Translocation of silica nanospheres through giant unilamellar vesicles (GUVs) induced by a high frequency electromagnetic field
Abstract
Membrane model systems capable of mimicking live cell membranes were used for the first time in studying the effects arising from electromagnetic fields (EMFs) of 18 GHz where membrane permeability was observed following exposure. A present lack of understanding of the mechanisms that drive such a rapid change in membrane permeabilization as well as any structural or dynamic changes imparted on biomolecules affected by high-frequency electromagnetic irradiation limits the use of 18 GHz EMFs in biomedical applications. A phospholipid, 1,2-dioleoyl-sn-glycero-3-phosphocholine (DOPC) labelled with a fluorescent marker 1,2-dioleoyl-sn-glycero-3-phosphoethanolamine-N-(lissamine rhodamine B sulfonyl) (rhodamine-DOPE) was used in constructing the giant unilamellar vesicles (GUVs).
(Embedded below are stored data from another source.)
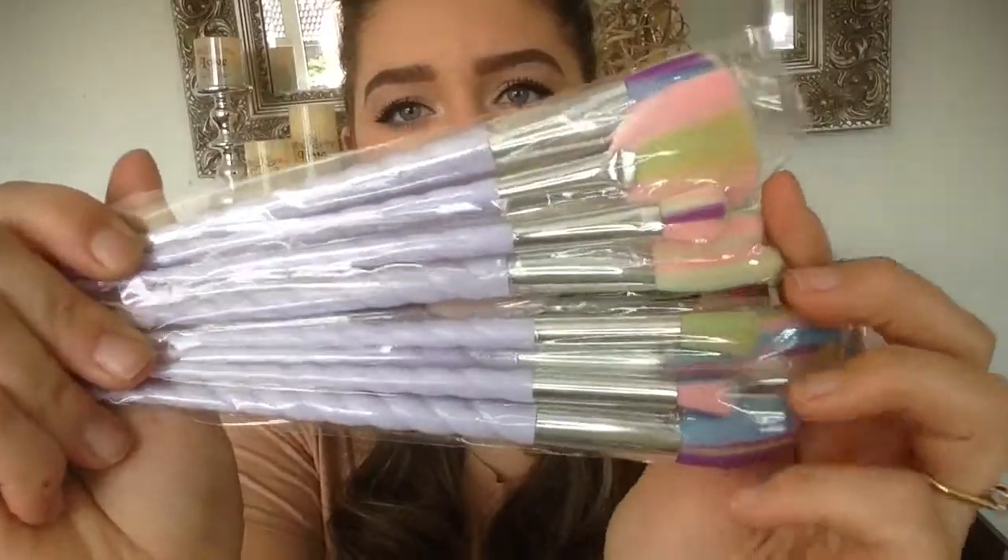Next up is some unicorn makeup brushes and I absolutely love these. I will be doing some makeup tutorials for you soon, trying out all my new stuff and I'll let you know how it is.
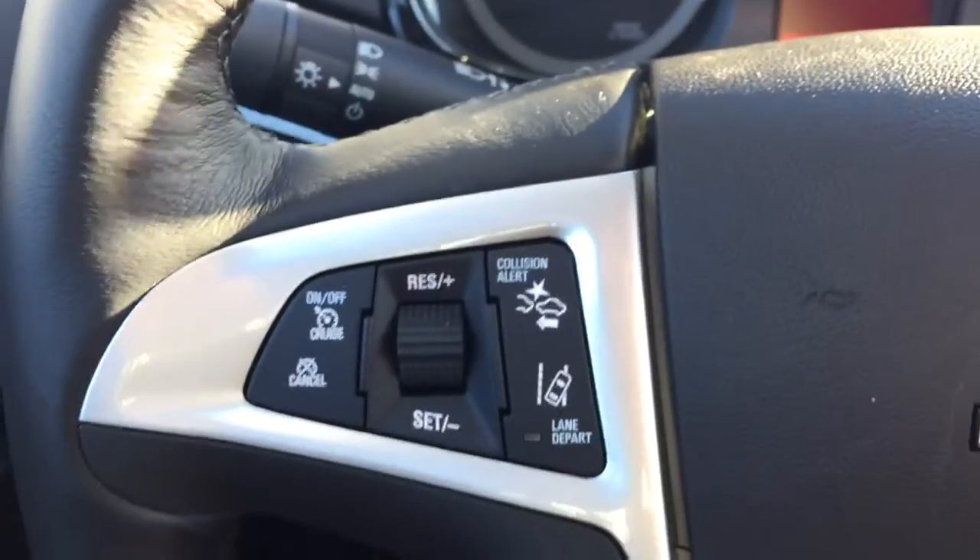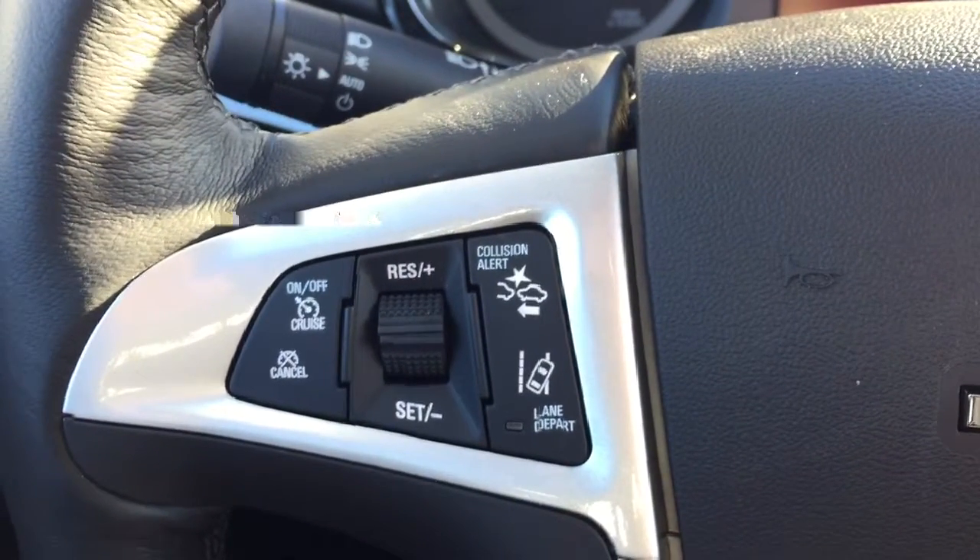On the steering wheel we have forward collision alert, lane departure warning, cruise control, Bluetooth capability, and media controls. The screen display includes AM/FM radio, Sirius XM radio, navigation, and a rear vision back camera.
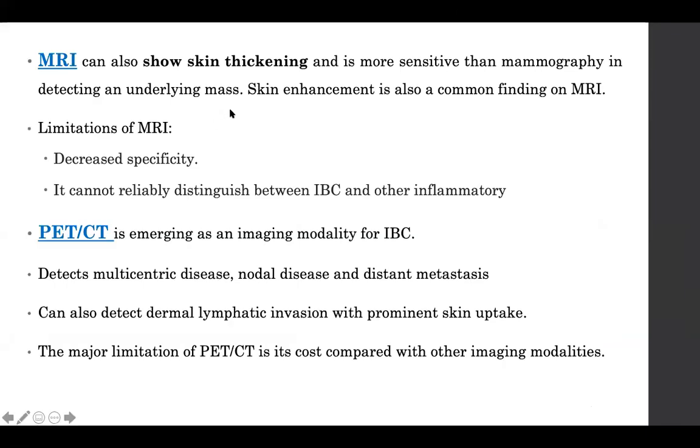MRI shows skin thickening and is more sensitive than mammogram. However, its limitation is decreased specificity — it can throw up many false positives and cannot reliably distinguish between inflammatory breast carcinoma and an inflammatory condition. PET-CT is an important modality that can pick up multicentric disease, provide information on nodal status, and detect distant metastasis.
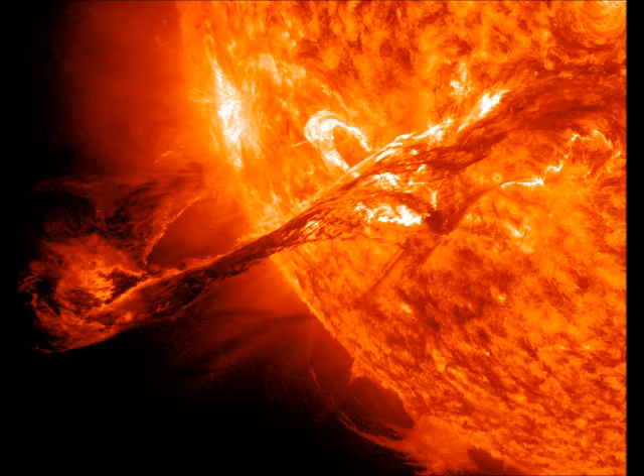The agency says its IRIS spacecraft, which reached its orbit Thursday evening after taking off from Vandenberg Air Force Base in California, will angle its telescope to study how solar material moves, gathers energy, and heats up in the chromosphere on its way to the outer atmosphere, the corona.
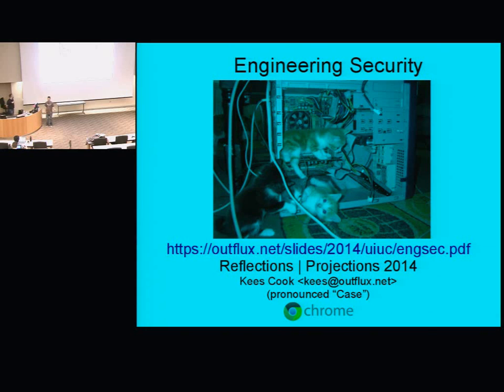Cook currently works at Google on Chrome OS. Before that, he worked for Canonical as the security team's tech lead. He's a Debian developer and a big advocate of free software. Today, he's going to be talking about how to use open source software and hardware to increase the security of your projects.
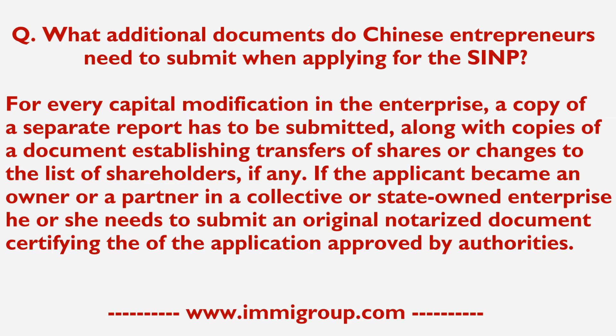For every capital modification in the enterprise, a copy of a separate report has to be submitted, along with copies of a document establishing transfers of shares or changes to the list of shareholders, if any.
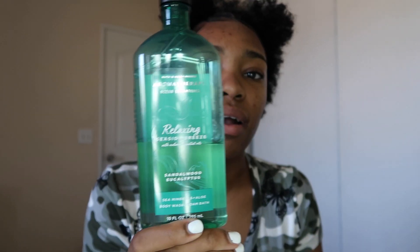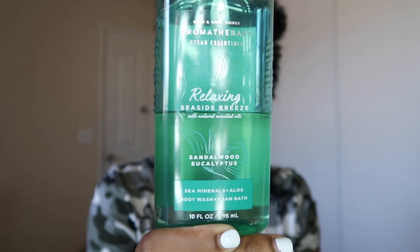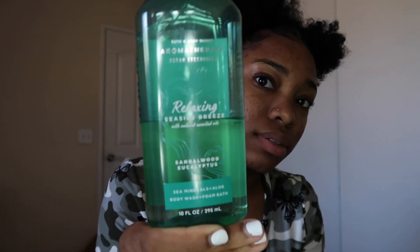For my body washes I have three right now — I did have four but just ran out of one. They match my lotions. The first is a relaxing seaside breeze, sandalwood and eucalyptus, also aromatherapy from Bath and Body Works. It smells amazing and has essential oils, conditioning sea minerals, and soothing aloe. It's very foamy really fast which I like.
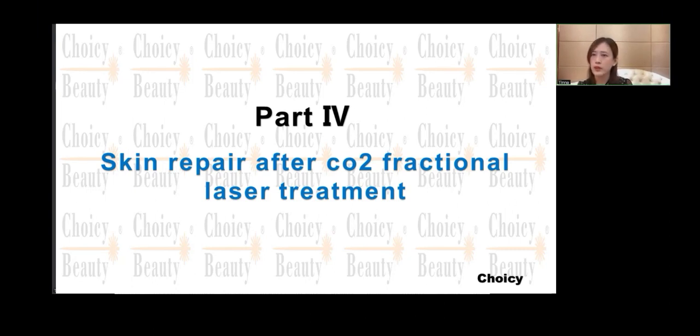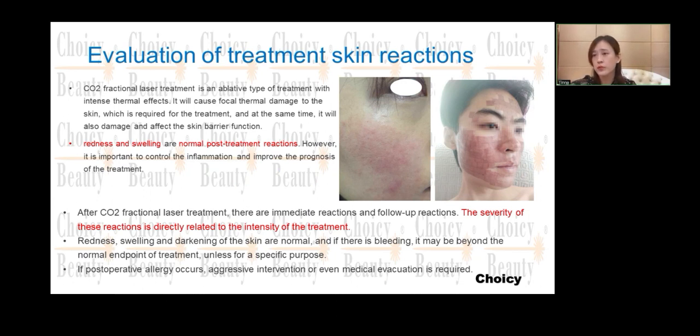Part 4: Skin Repair After CO2 Fractional Laser. Skin repairing is very important. It can help our skin to recover much quicker, and also avoid many post-treatment problems. So that's very important.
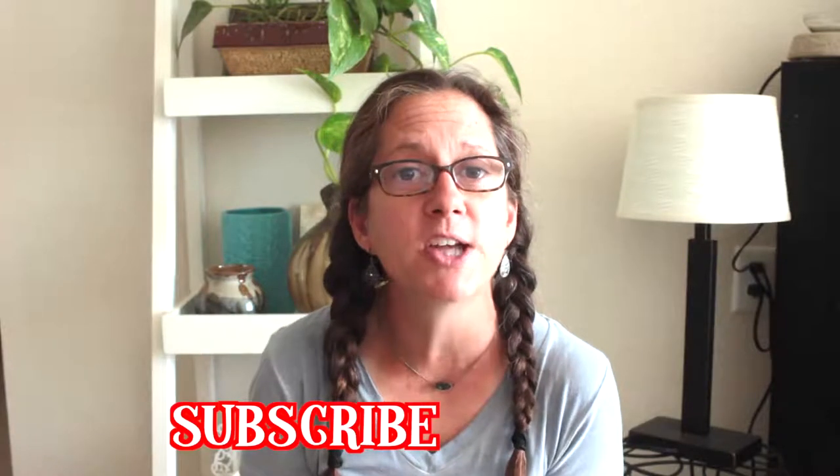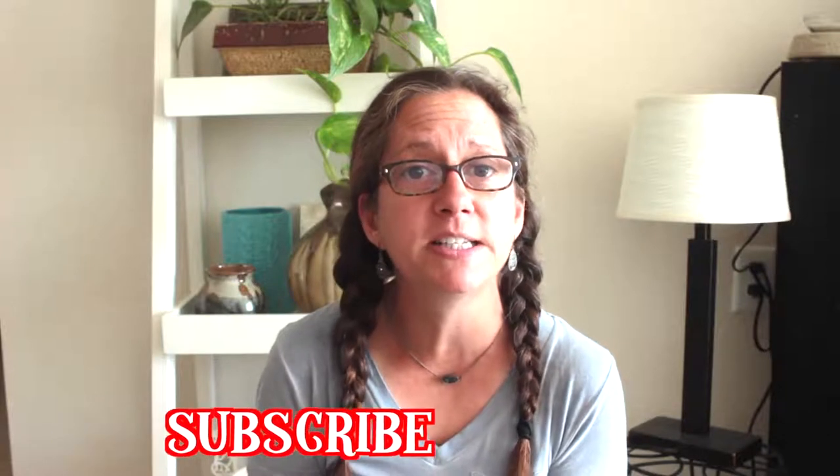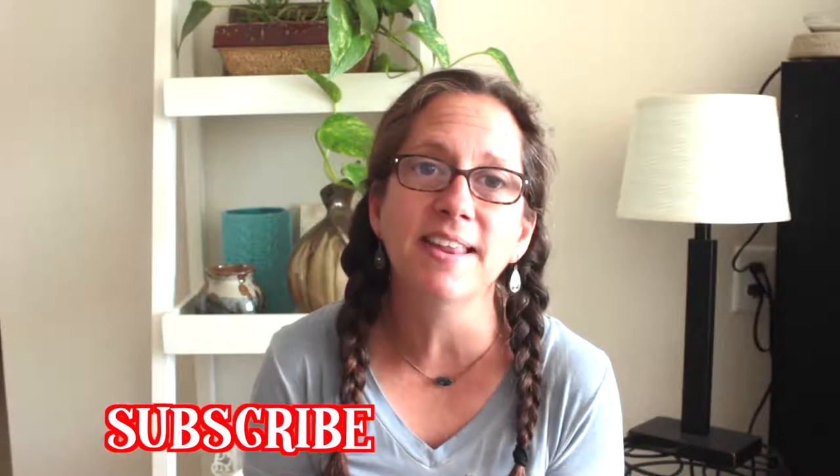Hi guys, welcome back to my channel! Today I thought I would share with you my favorite tea collection. I just made a cup of tea and that inspired me to film this video for you. If you are new to my channel, thank you for stopping by — don't forget to subscribe, and let's get on with the video.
After three cycles of exposure, enhanced membrane permeability was observed by the internalisation of hydrophilic silica nanospheres of 23.5 nm and their clusters. All-atom molecular dynamics simulations of 1-palmitoyl-2-oleoyl-sn-glycero-3-phosphocholine (POPC) membranes exposed to high frequency electric fields of different field strengths showed that within the simulation timeframe only extremely high strength fields were able to cause an increase in the interfacial water dynamics characterized by water dipole realignments. However, a lower strength, high frequency EMF induced changes of the water hydrogen bond network, which may contribute to the mechanisms that facilitate membrane permeabilization in a longer timeframe.